Diante desse quadro, o médico tem o dever de alertar a população para os perigos ocultos em cada remédio, sem que, necessariamente, faça junto com essas advertências uma sugestão para que os entusiastas da automedicação passem a gastar mais em consultas médicas. Acredito que a maioria das pessoas se automedicam por sugestão de amigos, leitura, fascinação pelo mundo maravilhoso das drogas “novas” ou simplesmente para tentar manter a juventude. Qualquer que seja a causa, os resultados podem ser danosos.
É comum, por exemplo, que um simples resfriado ou uma gripe banal leve um brasileiro a ingerir doses insuficientes ou inadequadas de antibióticos fortíssimos, reservados para infecções graves e com indicação precisas. Quem age assim está ensinando bactérias a se tornarem resistentes a antibióticos. Um dia, quando realmente precisar do remédio, este não funcionará. E quem não conhece aquele tipo de gripado que chega à farmácia e pede ao rapaz do balcão que lhe indique uma “bomba” para cortar a gripe pela raiz? Com isso poderá receber analgésicos, antitérmicos, glicose, cálcio, vitamina C, produtos aromáticos – tudo isso sem saber dos riscos que corre pela entrada simultânea destes e outros produtos em seu organismo.
(In: PLATÃO; FIORIN. Para entender o texto: leitura e redação)
Analise as afirmativas a seguir sobre os elementos coesivos sublinhados no texto 3 em falsas ou verdadeiras.
I- “Já que” introduz uma consequência do que foi dito na oração anterior.
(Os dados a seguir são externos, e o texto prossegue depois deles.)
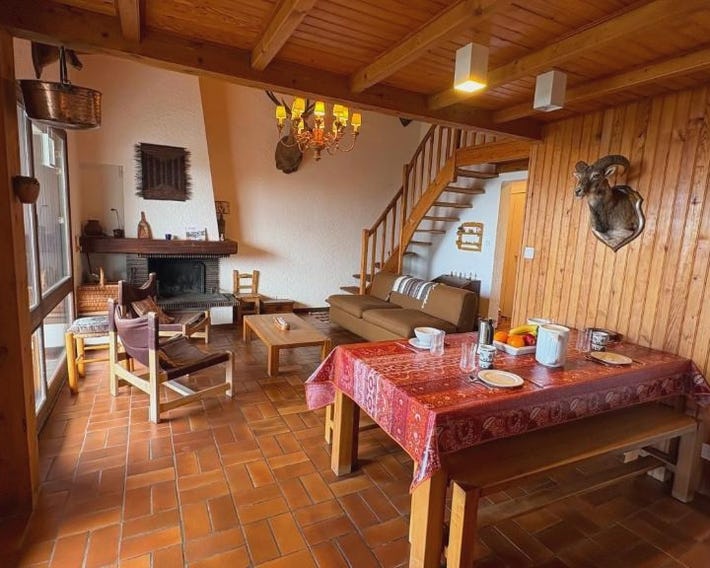 Grand duplex ensoleillé, forêt, balcon, baignoire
II- O conectivo “e” liga dois atributos que ocorrem simultaneamente.
III- “Um pouco” orienta no sentido da afirmação da propriedade. Opõe-se a “pouco”. Se se dissesse “de médico e de louco todos temos pouco”, a orientação seria no sentido de restrição da propriedade.
IV- “Que” é um anafórico cujo antecedente é “pessoas”.
V- “Isto é” introduz outra ideia a respeito da venda de remédios.
VI- “Ou” marca uma relação de simultaneidade: todos os elementos podem ocorrer simultaneamente.
VII- “E” introduz uma interrogação retórica que retoma a argumentação desenvolvida anteriormente.
VIII- “Tudo isso” é um anafórico e um afirmador de totalidade universal. Retoma os elementos citados no contexto imediatamente anterior: todos os elementos da “bomba” para cortar a gripe são perigosos.